Bigger Grille’s Just The Start
The most immediately discernible stylistic difference between the third- and fourth-generation X5s is the grille. The new model’s twin-kidney aperture is noticeably taller, with bodywork separating it from the headlights (which are mostly the same shape as the previous model’s) instead of the area in between.
The ducts in the front bumper are bigger, too, with previous round daytime running lights now integrated into the front corner vents, and the horizontal intake between the grille and air dam divvied up between the higher and lower openings – all of which lends the new G05 model a more aggressive look over the previous F15.
The creases along the flank also seek to emphasize the wheels more, with more pronounced wheel arches, an upward arch in the character line above the rear wheels, and a more pronounced vent behind the front rollers. And though the greenhouse is largely the same shape, and still encompasses BMW’s signature Hofmeister kink in the D-pillar – but that dogleg starts a little higher in tandem with the emphasized rear wheel.
While the headlamps haven’t changed much in shape from one model to the next, the taillights most definitely have – and we’re not entirely sure for the better. Where the F15 mode’s lights carried a shape to the previous two iterations, the G05’s adopt a different outline entirely, and they remind us more of an American crossover than a German one. (Which may be just as well, because BMW makes most of its crossovers in the US, anyway.)

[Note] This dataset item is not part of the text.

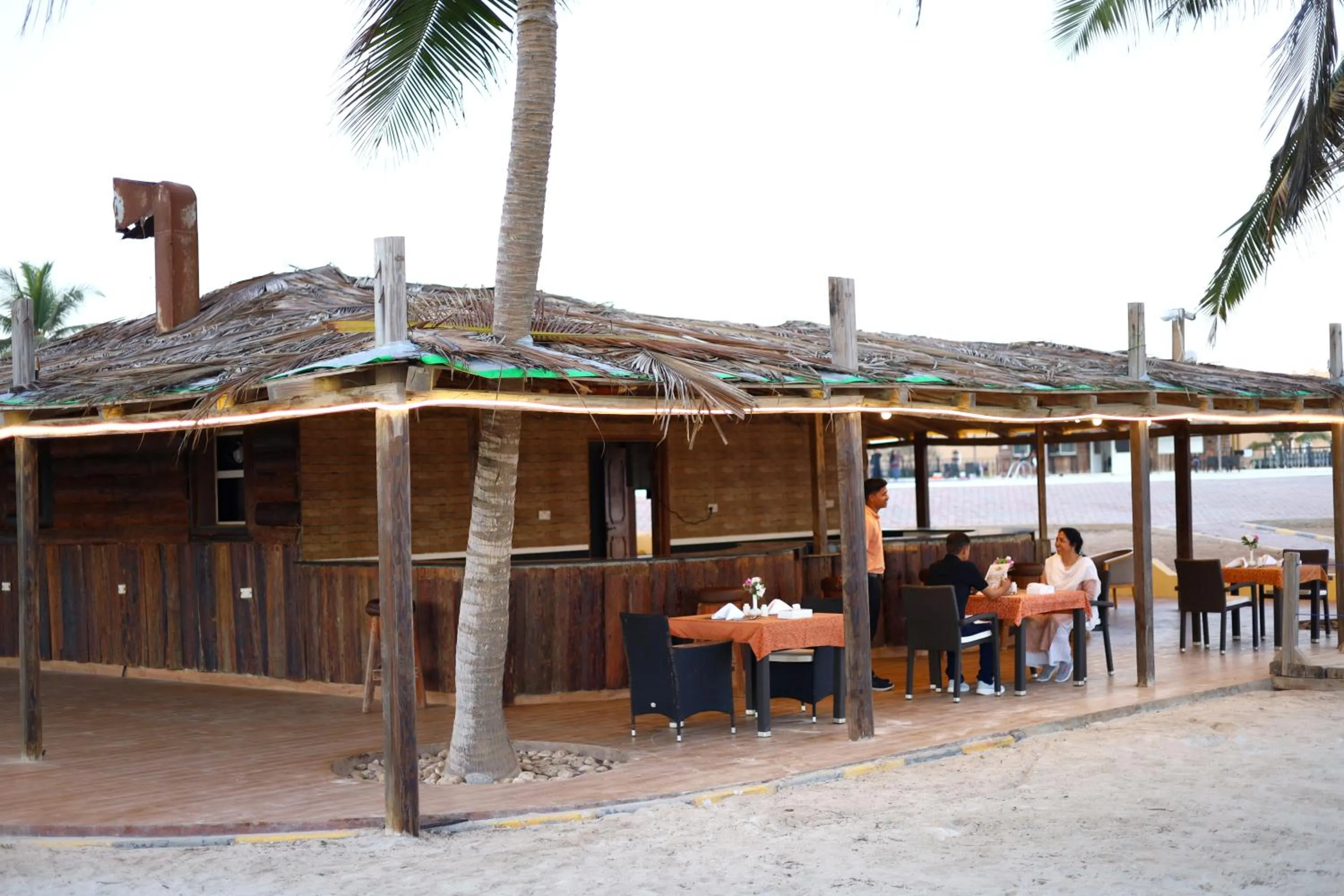 Samharam Resort Salalah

The rear bumper incorporates a more functional-looking channeled faux-diffuser, flanked by trapezoidal tailpipe finishers instead of round tips. The horizontally split styling of the tailgate has carried over, though, so there’s still a measure of aesthetic continuity there.
Familiar But Updated Interior
The manufacturer has yet to show us much of the new X5’s interior. But from what we can see, the environment ought to be familiar to existing owners considering trading in. Like the tailgate, the dashboard retains a distinctly horizontal layout to give it an expansive and spacious (as opposed to a more cocooning) look and feel.

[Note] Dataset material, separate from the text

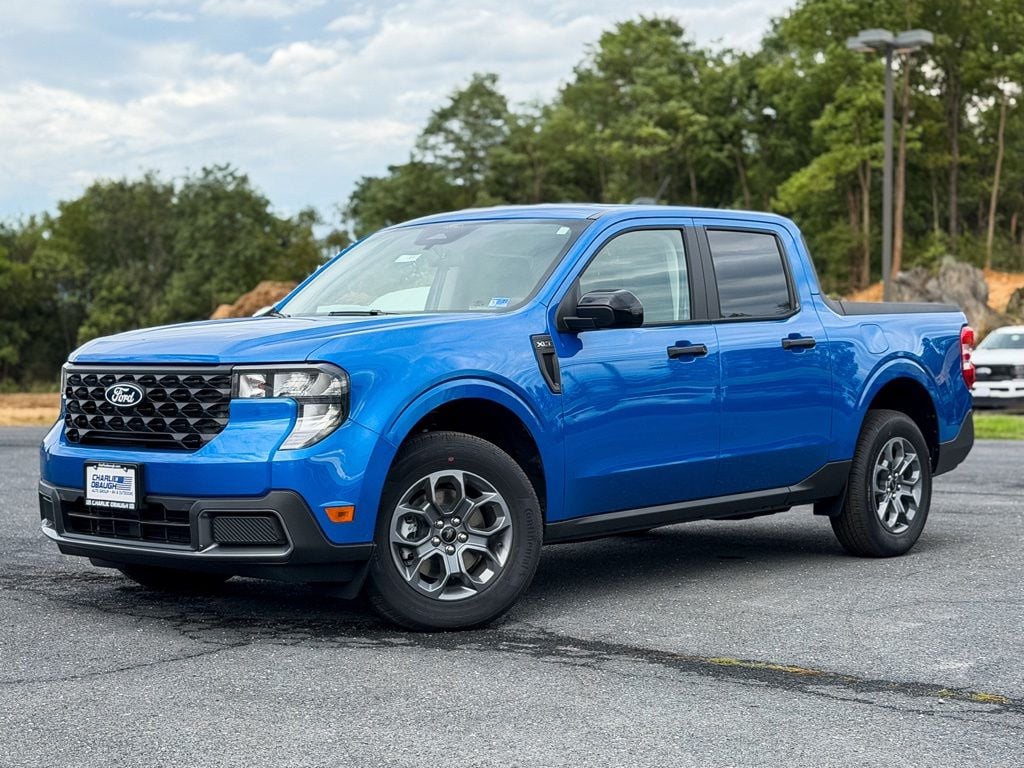 2026 Ford Maverick XLT Photo in Waynesboro VA 22980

Like the front end, the vents inside are more pronounced, though, with the HVAC controls framed together with the center vents and separated from the audio knobs – which may make it easier to operate without the driver taking his or her eyes off the road. As is the trend, the infotainment display is wider, and there’s a digital instrument cluster as well, mounted behind a slimmer-spoked steering wheel.
Taken all together, the styling of the new X5 strikes us as a marked improvement over the model it replaces. As well it should. With over 2.2 million units sold around the world over the course of its lifetime, the X5 is one of BMW’s biggest sellers –especially in the United States where it ranked last year second only to the 3 Series. In fact BMW sold more X5s here last year than the entire Mini brand, and even on styling alone, the new model ought to attract even more customers.